Let’s not lose sight of why this matters. In 2024, the UK saw 11 deaths of children from whooping cough and another from measles. Last month, WHO revoked this country’s ‘measles elimination’ status. Children are dying or falling seriously ill due to preventable diseases. Failure to adequately prepare for winter by getting older or immunosuppressed people vaccinated has left hospitals and ambulance services exposed.
Fin McCaul of Community Pharmacy England described scenes of “chaos” due to poorly communicated changes to eligibility for Covid vaccines. And we heard that despite having an abundance of locations to get flu jabs, at pharmacies and GPs, booking systems allowed people who weren’t eligible to nab appointments that should have been available to others who were. Greg Fell of the Association of Public Health Directors told us misinformation and hesitancy are a problem, but nowhere near as important as access and effective comms. On childhood immunisations, he said it’s too easy for parents to miss a letter or “one of thousands of texts” from their school.
Our committee’s most recent report, The First 1,000 Days, concluded that a hollowing out of the health visitor workforce over 10 years has meant fewer contacts between parents and professionals who can provide advice and encouragement to get infants vaccinated.
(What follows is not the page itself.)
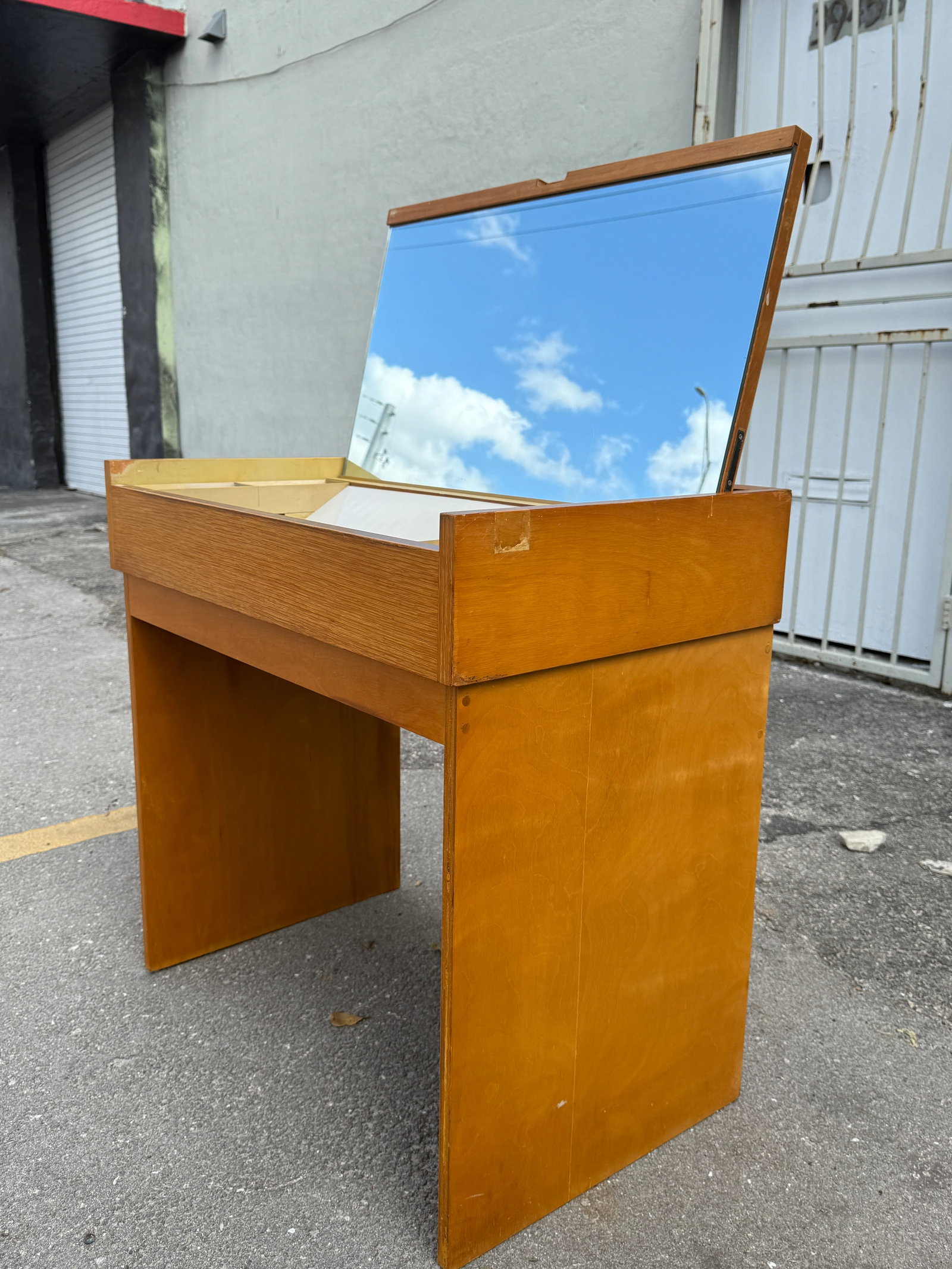 1950s Rare Mid Century Modern Herman Miller George Nelson Vanity - 11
One of our witnesses, who leads on immunisations on the Integrated Care Board for Leicestershire and Rutland, said the government should invest new, ring-fenced funding every year for five years. It was also conceded by the department that no cost-benefit analysis has been carried out into the long-term collateral damage that poor vaccine coverage has on the health system through increased demand. The evidence suggests that cuts have been a false economy.
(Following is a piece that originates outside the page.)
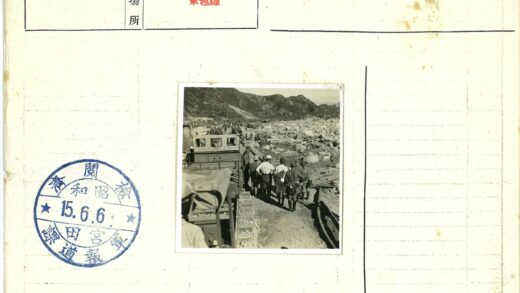 山地火车与围观人群.jpg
Next month, our committee holds another one-off session where we’ll deep dive into the corridor-care phenomenon. Snarl-ups in emergency departments are thought to be directly linked to failures in preventative care and the role of vaccinations in helping the NHS prepare for winter. Quite simply, if the flu and Covid vaccination programmes flounder again next autumn, there is a high risk that we’ll see a rerun of the tragic scenes we have just witnessed.
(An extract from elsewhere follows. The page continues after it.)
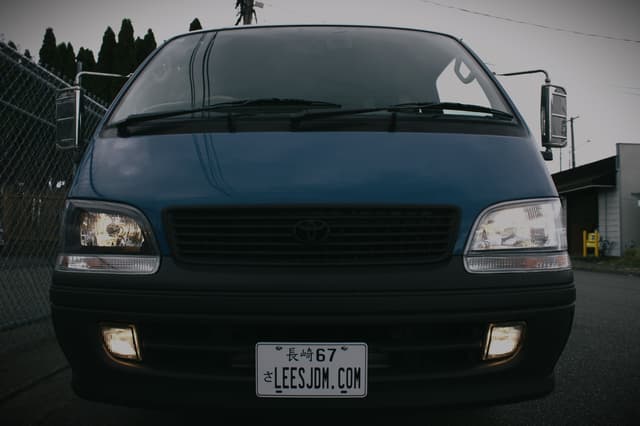 1997 Toyota HiAce JDM car for sale — photo 14 of 25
If the government really wants to achieve the NHS’ strategic shift to preventative care, we are adamant that it must once again prioritise vaccinations. But we have further questions about the commitment to the shift to prevention, full stop. The 10-Year Health Plan was widely welcomed, as were the three shifts. As our committee does its work, we are setting down a marker that this lesser-loved but extremely cost-effective pillar must not be forgotten.